Ernestine Chasing Hawk: Tribe honors man who pushed genocide

The following is the opinion of Ernestine Chasing Hawk. All content © Native Sun News.

The victims of the 1890 massacre at Wounded Knee are loaded up on carts for burial. Photo from Wikipedia

Oneida honor man who called for genocide of Sioux Nation
By Ernestine Chasing Hawk

When politicians and celebrities make offensive remarks about Indians, Indian history and Indian policy, I usually just laugh at their ignorance and say, “Don’t worry, the Indians will get em,” and they usually do.

But when the misstep comes from someone we count on to protect our dignity, our voice, our rights as Indian people, when there’s been a betrayal of the duty we’ve entrusted to them, I must speak.

The Oneida Nation, owners of Indian Country Today “proudly” announced their plan to open a casino called the “Yellow Brick Road” that pays “homage” to Frank Baum, author of “Wonderful Wizard of Oz.” Baum, in 1890, just days after Lala Tatanka Iyotaka, (grandfather Sitting Bull) was brutality gunned down by a Federal officer, scribed the following in the Aberdeen Pioneer:
“The proud spirit of the original owners of these vast prairies inherited through centuries of fierce and bloody wars for their possession, lingered last in the bosom of Sitting Bull. With his fall the nobility of the Redskin is extinguished, and what few are left are a pack of whining curs who lick the hand that smites them."
Baum continues, “The Whites, by law of conquest, by justice of civilization, are masters of the American continent, and the best safety of the frontier settlements will be secured by the total annihilation of the few remaining Indians. Why not annihilation? Their glory has fled, their spirit broken, their manhood effaced; better that they die than live the miserable wretches that they are.”

What followed was a brutal attack on my people, the Mnicoujou and Hunkpapa Lakota who had sojourned south after grandfather Sitting Bull was killed, seeking refuge with Makpiya Luta (Red Cloud).

Following the brutal massacre of more than 300 of our relatives, inciting the masses to genocide, Baum wrote: “The Pioneer has before declared that our only safety depends upon the total extirmination [sic] of the Indians. Having wronged them for centuries, we had better, in order to protect our civilization, follow it up by one more wrong and wipe these untamed and untamable creatures from the face of the earth.”

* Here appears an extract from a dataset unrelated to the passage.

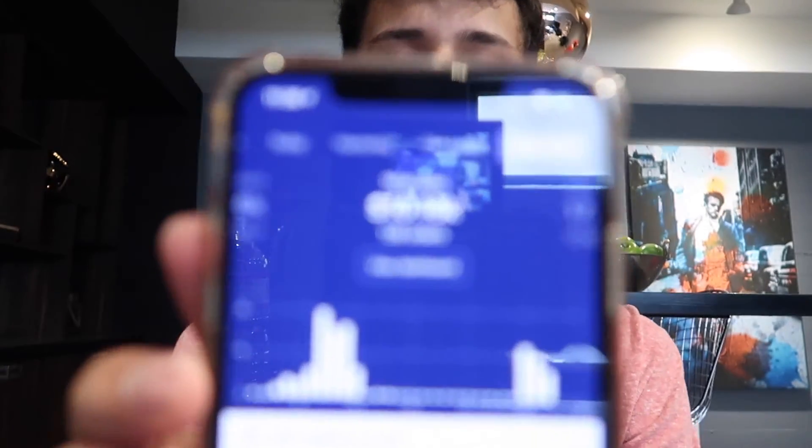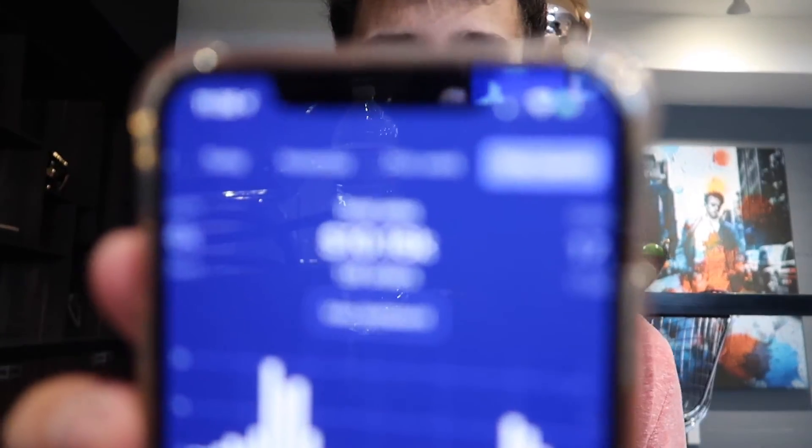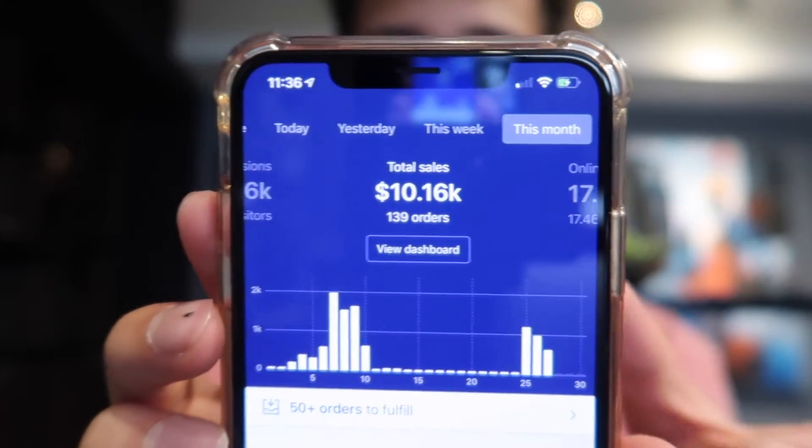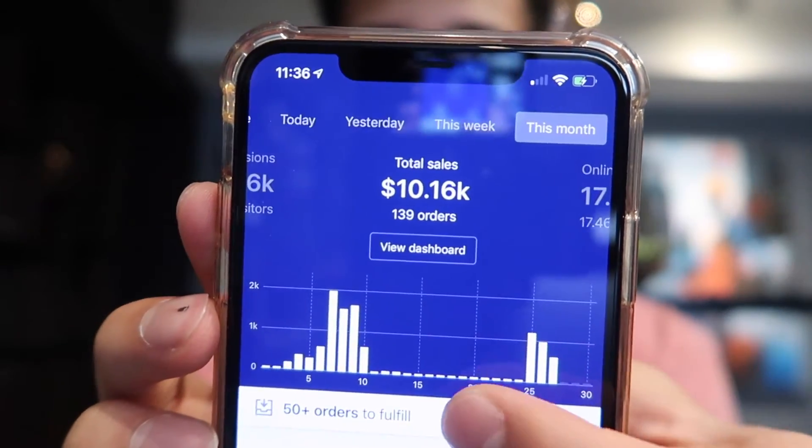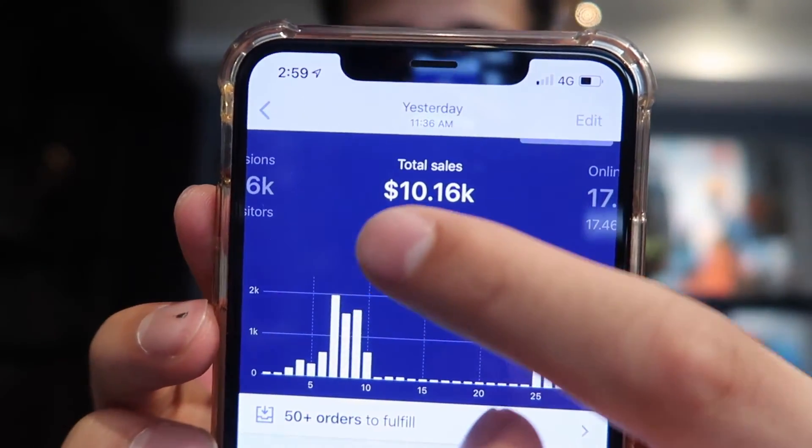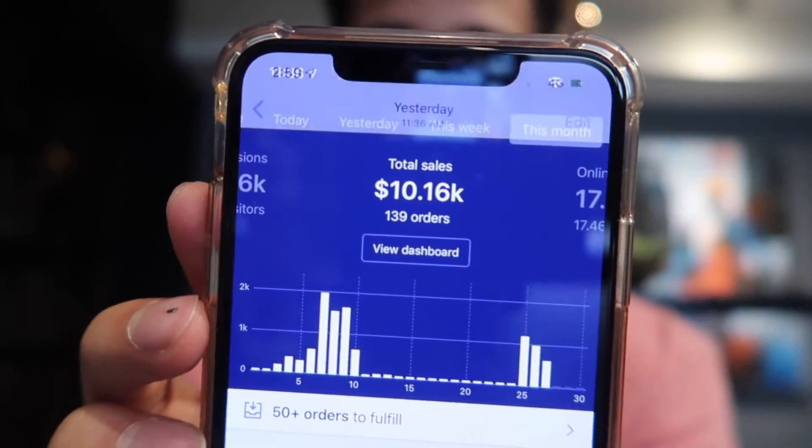I can show you guys a screenshot — here's $10K. This was from 11 days. You can see the time of day, so you know I'm not faking this. But that is my revenue.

Every year, during the holiday season, my relatives from the north “pay homage” to our ancestors who were massacred at Wounded Knee. They start the 280 mile trek at Sitting Bulls camp along the Grand River, where I spent time as a young girl with my unci Cecelia One Bull, daughter of One Bull, Sitting Bulls nephew.

Among the riders who begin this annual journey are my nephew, Ron His Horse is Thunder, former Chairman of the Standing Rock Sioux Tribe and his tiyospaye (family), my uncle Dana Dupris and his crew from Cheyenne River and our spiritual leader Chief Arvol Looking Horse, keeper of the sacred Canunpa, and his tiyospaye at Green Grass.

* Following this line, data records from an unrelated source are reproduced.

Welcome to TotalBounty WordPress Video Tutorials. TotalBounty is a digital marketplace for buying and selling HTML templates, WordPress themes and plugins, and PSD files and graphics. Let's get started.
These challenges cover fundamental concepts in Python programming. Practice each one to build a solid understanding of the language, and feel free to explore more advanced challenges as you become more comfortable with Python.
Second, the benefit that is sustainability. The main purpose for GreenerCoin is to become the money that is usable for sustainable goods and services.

And the trek is no “Yellow Brick Road” as this year they are enduring freezing rain, blinding snow and blistering cold winds in their commitment to “pay homage” to our ancestors who lost their lives along Wounded Knee Creek more than a century ago.

The grandfather of my children, Two Shields, who is known as Blue Arm, who along with his sister were the lone survivors of their family. Their mother and father along with seven siblings were among the dead at Wounded Knee. The pair, along with other survivors, made their way back to the place that is named for them Takini, which means “to die and come back” or “survivors,” of the Wounded Knee Massacre.

Takini is located on the Cheyenne River Indian Reservation in Ziebach County which according to the 2010 U.S. Census is the poorest county in the United States.

On Dec. 29, a group led by the former Chairman of the Cheyenne River Sioux Tribe, Joseph Brings Plenty will begin a journey on foot starting at the massacre site that retraces the steps of the survivors who made their way home, along the Cheyenne River, back to Takini.

The historical trauma of what happened more than a century ago still haunts my people and the economic impact still lingers. Congress passed the Sioux Depredations Act of 1891 to compensate the so-called “innocent victims” of the 1890 Massacre and the Ghost Dance troubles for their losses, which included white people and the churches. Everyone but my people, the Mnicoujou and Hunkpapa who were the victims of the 1890 Massacre, were compensated. (For a list of those who were compensated see Mario Gonzalez book, “Politics on Hallowed Ground”).

Having said all that, I cannot understate the betrayal I feel from the announcement that the Oneida are building the “Yellow Brick Road Casino” to “pay homage to L. Frank Baum” that is projected to open in the spring of 2015. How can they be so ignorant of history and traitors to their own race?

Would the Jews build a casino to honor Adolph Hitler?